Not good at catchy sign-offs
Dear Not Good At Catchy Sign-Offs,
I can relate to this strongly as a person with ADHD who sometimes just…runs out…of attention budget for the day. After 9pm + Long and/or complicated story or pitch for a script = Jennifer NOT GREAT AT LISTENING and it super hurts my spouse’s feelings, especially since he is pretty great at listening to me. So I’m working on this too.
I think what would make this more satisfying and workable for both you and your spouse is adding some structure to when & how you have work discussions. She benefits from talking through stuff aloud. You benefit from working alone (though your knowledge and understanding of your shared field probably benefits a lot from her puzzling through the stuff you don’t know out loud). But sometimes you do well “trading things you’re working on or having focused discussions” so maybe build this into your lives in a structured way, like, Friday nights you each open a bottle of wine in your respective places and sit down to work in tandem, and you keep a chat window open and share quotes or snippets or articles as you go. You also need those rituals that aren’t about work, like, Monday night is the night we watch our favorite show in tandem and text about it and there is NO work talk.

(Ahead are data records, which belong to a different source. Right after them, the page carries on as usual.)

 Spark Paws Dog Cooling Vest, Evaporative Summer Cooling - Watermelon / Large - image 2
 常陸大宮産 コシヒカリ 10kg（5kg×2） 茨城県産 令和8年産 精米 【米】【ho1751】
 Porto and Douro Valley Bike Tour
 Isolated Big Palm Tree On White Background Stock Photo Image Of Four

Because you’re long-distance right now, “working breakfast Saturdays” aren’t going to be as easy as if you saw each other all the time. But you need to find a structure, like, during this set time, you get to talk excitedly at me about your research and what you’re reading and thinking about, and I will put aside the fact that I’m not an expert and I will just listen as best I can and get excited with you! And then we’ll switch! But maybe not every day, maybe not at the very end of a long day of work when energy is very low and you’re feeling “researched out” or “discussed out” for the day, and you both get a limited “no work talk!” veto power. Important: Schedule this time when you both have energy for it. Don’t put it after you do all your “important” stuff, don’t do it when you’re hangry or distracted.

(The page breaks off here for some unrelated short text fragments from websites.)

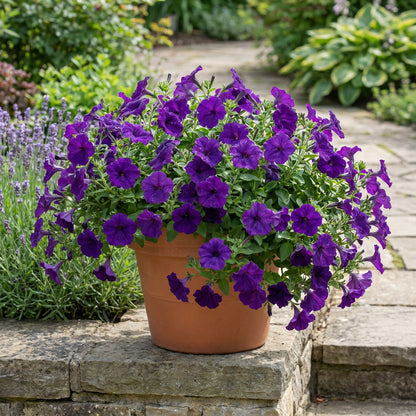 Purple Surfinia Planting Seeds - Perfect for Colorful Blooms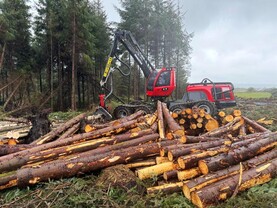 Agri jobs: forestry harvesting technicians and horticulture operatives in demand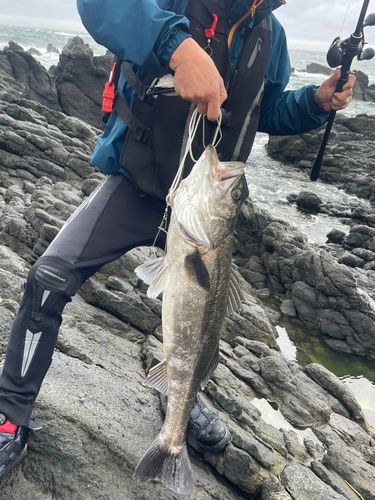 スズキの釣果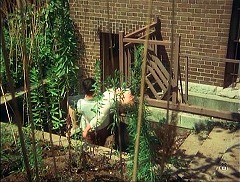 『犬神家の一族』 1976　約1時間12分：廃館　半地下の入口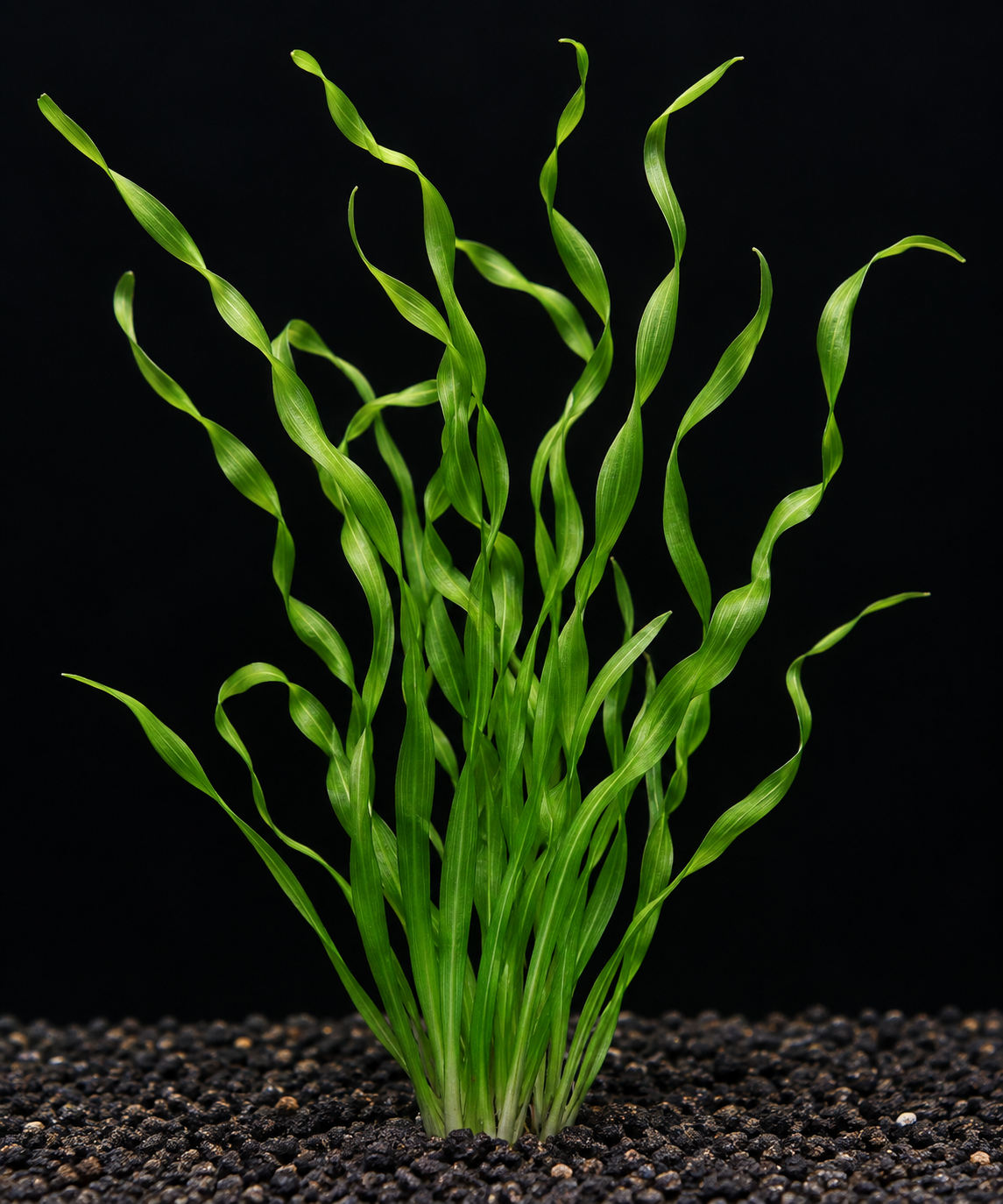 Contortionist Vallisneria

If your spouse were writing to me I would also encourage her to do some work to connect with other people in her specific area of focus and build a supportive and fun community to talk shop with that does not depend so much on her spouse for that. For example, I’m a member of a couple of Facebook groups around teaching in my subject area and it’s great to have a lot of informal discussions and connections to dip into when I feel like it and backburner when I don’t. Mr. Awkward is taking a class and has a teacher and classmates to pitch stories to. It makes our discussions better when there is another outlet.

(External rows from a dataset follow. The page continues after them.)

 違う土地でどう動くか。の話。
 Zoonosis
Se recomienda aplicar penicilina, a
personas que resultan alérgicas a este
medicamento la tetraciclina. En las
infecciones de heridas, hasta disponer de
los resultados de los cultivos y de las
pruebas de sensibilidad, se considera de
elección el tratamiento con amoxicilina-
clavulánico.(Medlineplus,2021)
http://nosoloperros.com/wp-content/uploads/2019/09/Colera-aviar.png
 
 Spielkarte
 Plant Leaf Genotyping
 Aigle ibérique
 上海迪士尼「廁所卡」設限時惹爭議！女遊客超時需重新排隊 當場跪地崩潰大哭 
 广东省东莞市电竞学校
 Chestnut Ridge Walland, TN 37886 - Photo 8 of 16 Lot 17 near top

Since this letter is about you and what you can do to change the dynamic, let’s talk more about that. It’s telling that you say “I feel unintelligent when she talks about things I don’t know, and I bet it translates into a defensive tone, or dismissal” and I think this is worth working on within yourself. Why do you have to “feel intelligent” or like an expert all the damn time? Don’t be the people at those awful parties this Letter Writer described, where everyone can only talk about their Very Serious Research! If you find yourself getting bored or distracted because you’re not in Expert Mode, that is a good time to practice everything you know about active listening and staying engaged. Do it because it’s kind, not just because it’s sufficiently interesting.
You’ll be a better scholar and a better person if you can say “I don’t know very much about that, tell me more!” to lots of people who do lots of kinds of work, not just your spouse. While you need to be able to say “Babe that is fascinating but I am discussed OUT for the day, can we talk about makeouts for a while and revisit this during [structured work time]” sometimes, if you do say that the very next time you talk you need to remember what she was telling you and follow up specifically – “That article about x you were talking about yesterday, do you mind telling me about it now?” That will go a long way toward showing that you are paying attention and are curious about and invested in her work.
I wish you both luck navigating this.